Le volet administratif occupe une grande partie de la journée de Doreen Assaad et le volet communautaire se taille une grande partie de la soirée. Car elle doit offrir un grand support aux diverses communautés. « Je dois assister à des rencontres, faire des visites dans les différents organismes de Brossard », précise-t-elle. Ceci se passe, jour et nuit, pendant la semaine aussi bien que durant le week-end. Elle a donc oublié les congés! Mais elle ne se plaint pas. Elle veut prouver qu’elle est bien digne du choix des électeurs.

« Mes enfants n’ont pas beaucoup souffert à cause de mes différentes occupations », explique-t-elle. Il faut dire que Doreen est chanceuse, à cause du soutien que lui fournit sa famille, avec sa mère habitant dans les parages et sa belle-mère qui réside avec elle. Cette dernière prépare à manger, pour les enfants, si jamais Doreen est en retard. « Si je suis prise dans le trafic, c’est ma mère qui allait chercher les enfants. Mon conjoint est très impliqué aussi », assure-t-elle. Doreen amène souvent ses enfants aux assemblées du conseil ou bien aux différents événements des différentes communautés culturelles.

Elle raconte que ses enfants l’inspirent dans ses choix, comme sa participation avec Radio-Canada à une initiative nommée « zéro-déchet », pour réduire l’empreinte écologique, et ce, en lien avec un projet d’école d’une de ses filles. Cette expérience, enrichissante, lui a donné l’idée de lancer le même défi aux citoyens de la ville.
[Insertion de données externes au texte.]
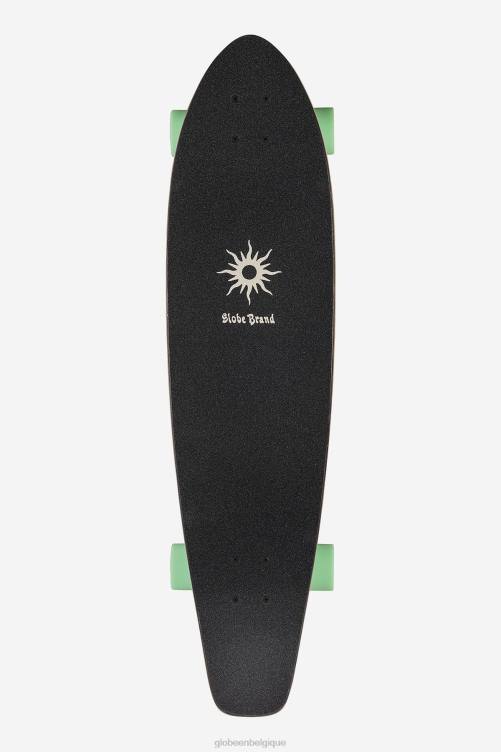 embroché Globe Brand le longboard 35\" de tous les temps V20N147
Doreen Assaad est quelqu’un de très prudent, mais son mari, homme d’affaires, aime, lui, prendre des risques. « A chaque fois que je voulais embarquer dans une nouvelle aventure, je le faisais grâce à l’encouragement de mon conjoint Magued », lance-t-elle.

Son propre père avait étudié les sciences politiques et donnait des cours de statistiques au Cégep Champlain (Collège d’enseignement général et professionnel, une étape entre les études secondaires et l’université). Dans le subconscient de Doreen, son père a toujours eu une grande influence dans sa vie. Il est décédé quand elle était encore à l’université, mais il l’a, selon elle, quand même guidée dans ses futurs choix.
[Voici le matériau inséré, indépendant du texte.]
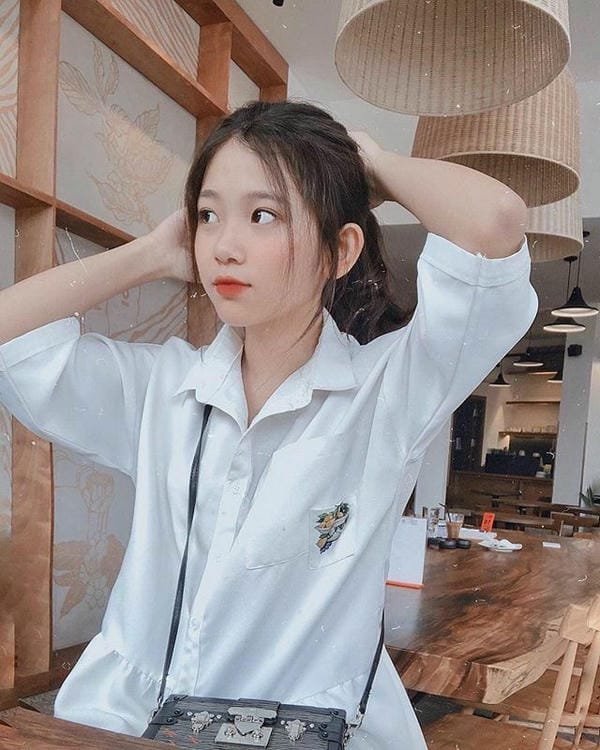 ảnh gái xinh học đường 24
Lorsqu’elle veut prendre un temps pour elle, loin de l’ambiance du travail, de l’administration et des rencontres communautaires, Doreen aime aussi faire de longues marches à pied, se promener avec son chien Charlie. Gardant toujours son sourire rayonnant, elle confie qu’elle va essayer de courir, pour améliorer sa condition physique, afin de pouvoir participer à un concours de bicyclette. Et pour se ressourcer, s’inspirer, rien de mieux que la lecture, son passe-temps préféré. En ce moment, elle est plongée dans le livre Becoming écrit par Michelle Obama. Une femme inspirante pour Doreen, dont la devise est : être l’exemple du changement que l’on souhaite voir dans le monde. C’est cela qui lui donne le courage de continuer .

Jalons :

2000 : Majeure en mathématiques appliquées et mineure en informatique à l’Université de Montréal.
2002 : Ceinture noire six sigma Bombardier Aéronautiques.
2005 : Spécialiste en optimisation des affaires aux Chemins de fer nationaux du Canada.
2009 : Conseillère municipale.
2013 : Conseillère principale pour l’approvisionnement stratégique et les services administratifs à Desjardins.